> _Problem statement_: Set down each line of the data exactly, but not the pictures.

> _Data excerpt_:

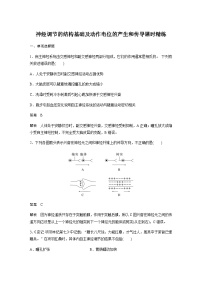 2024届苏教版高考生物一轮复习神经调节的结构基础及动作电位的产生和传导作业含答案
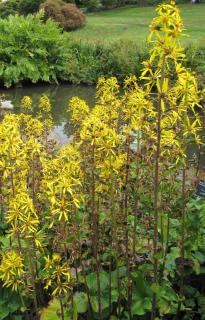 Plantes pour sols humides : les ligulaires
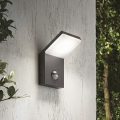 Ideal Lux - Luminaire LED extérieur avec détecteur STYLE LED/9W/230V 4000K CRI 90 IP54 anthracite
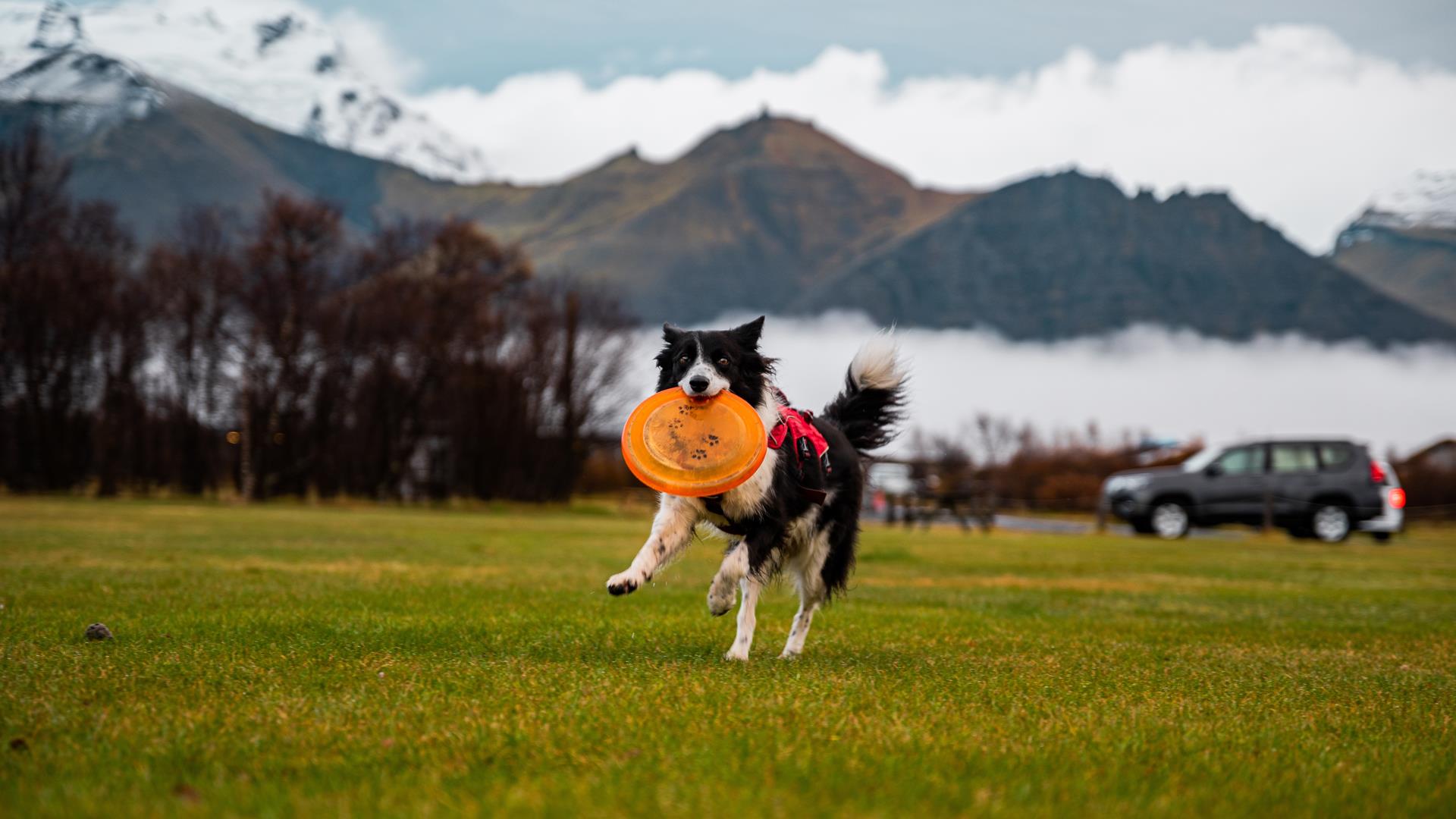 playing with a frisbee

> _Problem solution_:
 2024届苏教版高考生物一轮复习神经调节的结构基础及动作电位的产生和传导作业含答案
 Plantes pour sols humides : les ligulaires
 Ideal Lux - Luminaire LED extérieur avec détecteur STYLE LED/9W/230V 4000K CRI 90 IP54 anthracite
 playing with a frisbee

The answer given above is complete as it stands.